Answer: Simple roots on the \(j\omega\) axis result in bounded outputs for certain input classes, making the system marginally stable under specific conditions.

Determining Stability

Let’s now progress to determine stability. The characteristic equation can generally be represented as an nth-order polynomial:

\[ \Delta(s) = a_0 s^n + a_1 s^{n-1} + \dots + a_{n-1} s + a_n = 0 \]

• This equation is derived from $ 1 + G(s) = 0 $ and represents the poles of our closed-loop system.

• We would like to know if the zeros of this characeterist equations are stable or not.

Note: The zeros of the closed-loop system are not considered in stability analysis, as they affect only the magnitude, not the mode, of the response.

Controllability, Observability, and Zeros

A crucial assumption in our analysis is that zeros do not cancel poles, a condition typically met in controllable and observable systems.
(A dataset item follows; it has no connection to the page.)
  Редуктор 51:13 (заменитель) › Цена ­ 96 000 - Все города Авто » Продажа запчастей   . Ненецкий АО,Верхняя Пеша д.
If a zero cancels an unstable pole, it can lead to incorrect stability assessments.

This is the point of convergence for both asymptotic stability and Bounded Input Bounded Output (BIBO) stability. In scenarios where these conditions aren’t met, the two types of stability diverge in their interpretations. Specifically, in BIBO stability, the cancellation of a pole by a zero does not manifest in the system’s behavior. However, when considering internal stability, which is analyzed using a state variable model, the impact of such a cancelled pole becomes evident in the overall stability of the system.

The presumption that a system is both controllable and observable generally holds true for the majority of real-world systems.

Routh Stability Criterion

We now turn our attention to the Routh stability criterion, an invaluable method in the realm of stability analysis. While modern numerical tools can effortlessly compute the roots of an equation, the Routh criterion helps beyond these numerical methods, especially in design-oriented contexts. It enables us to both assess stability and identify design parameters that ensure a stable system configuration.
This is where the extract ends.